Во-вторых, наисложнейшее, перегруженное важной моральной проблематикой содержание поэзии Случевского передается им сплошь и рядом посредственными стихами («тогда страдать артель ловцов должна», к примеру). Кажется на первый взгляд, что эти стихи можно заменить прозой и впечатление не пострадает.

Ложный взгляд! Прозаичной строке, процитированной выше, предшествует превосходная, стальным лезвием вырезанная поэтическая формула: «Пять верст страданий!»

Это очень типично для Случевского.

Брюсов писал, что «в самых увлекательных местах своих стихотворений он вдруг сбивался на прозу»; точнее было бы сказать, что сплошную прозу стихотворений Случевского освещают и преображают удивительно яркие и увлекательные поэтические вспышки.

В одном его стихотворении (из тех же «Мурманских отголосков») лирический герой глядит с высокого берега залива вниз, замечает акулу, поднимающуюся к поверхности «от светящегося дна», и вдруг видит, что эта хищная рыба «вся в летучих отраженьях высоко снующих птиц». Восхитительная пейзажная зарисовка, точности которой позавидовали бы Майков и Фет! И тут же по соседству «чудодейные дворцы», «сказка, полная лиц», и иные необязательности.

В принципе Случевский использует творческий метод Баратынского («в произведениях поэзии, как в творениях природы, близ красоты должен быть недостаток, ее оживляющий»), но количественные отношения у него совсем другие. У него близ массива недостатков присутствует иногда мерцание красоты.

Третья (и главная, может быть) особенность поэтики Случевского — обилие прозаизмов, массовое использование канцелярской, бытовой и специальной научной терминологии.
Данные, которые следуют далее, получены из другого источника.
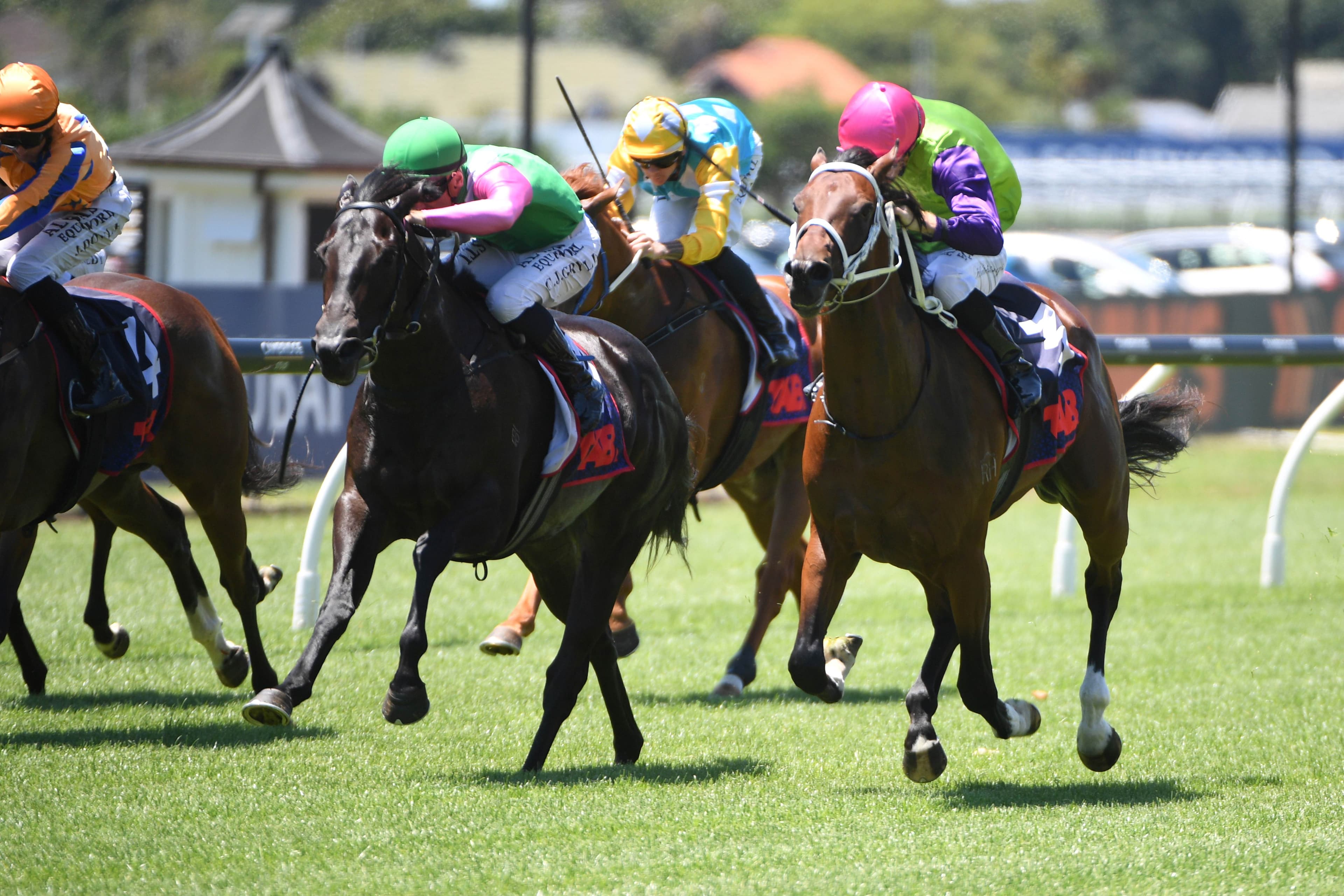 Singletary chasing turnaround in Guineas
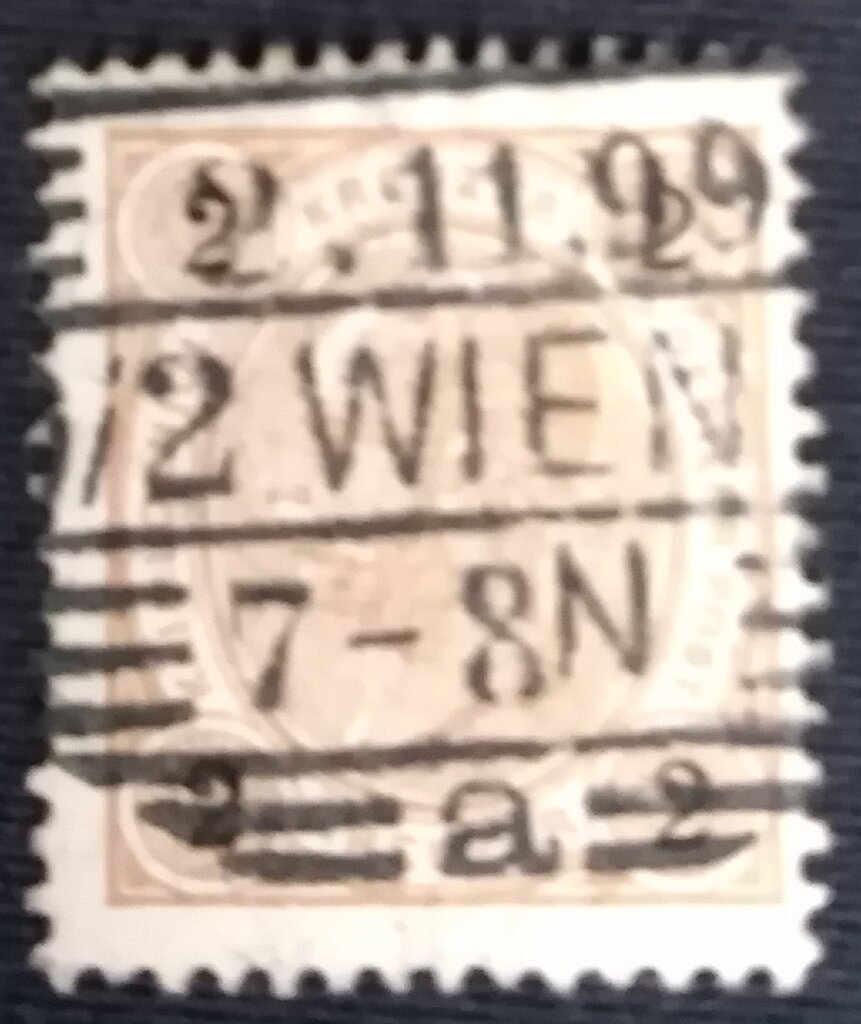 Black Marlin & Shortfin Mako, Tiger Shark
Мне эта особенность представляется восхитительной! «Грезы всяких свойств», «Мои мечты — что лес дремучий, вне климатических преград», «Вот хоть бы лов классической трески!», «Я слышал много водопадов различных сил и вышины», «За целым рядом всяческих изъятий...», «При дикой красоте негаданных сближений...».

До Случевского ничего близко похожего в нашей поэзии не было.

Вы помните, как в советскую эпоху партийное руководство требовало от художника, подвизающегося в любой области искусства (будь то живопись, будь то кинематограф, будь то литература), в первую очередь положительного героя? Многие талантливые люди, выполняя эту невыполнимую установку, надорвались и художниками быть перестали.

Потому что нормативная этика и свободное искусство несовместимы. Иллюстрация к тому или иному параграфу «Морального кодекса строителя коммунизма», сколь бы ни была виртуозна рука исполнителя и сколь бы ни был глубокомыслен сам параграф, произведением искусства никогда не станет. Казенная добродетель (чья реклама заказывается впрок согласно графику и по исполнении оплачивается согласно тарифу) нестерпима.

Нормативная эстетика ничем не лучше. Красота — текучая вещь, подвижная вещь. Подражать чужим достижениям в столь зыбкой и деликатной области бессмысленно. В лучшем случае получится у тебя маска красоты (надежно скрывающая некрасивое, может быть, но твое собственное лицо), в худшем — труп красоты, во всем на живую красоту похожий, но, увы, безгласный и бездыханный.

В эпоху Случевского эстетический канон, установленный Пушкиным, держался еще, но откровенно дышал на ладан. Авторитетнейшие люди того века (бомбометатели, провозгласившие, что «сапоги выше Шекспира», богоискатели, называвшие Пушкина безбожником и, в строгом смысле слова, змеей) принципиально отвергали эстетику за ее бесполезность. Категорический императив Базарова («Не говори красиво») затмил в России второй половины ХIХ столетия категорический императив Канта и все прочие категорические императивы.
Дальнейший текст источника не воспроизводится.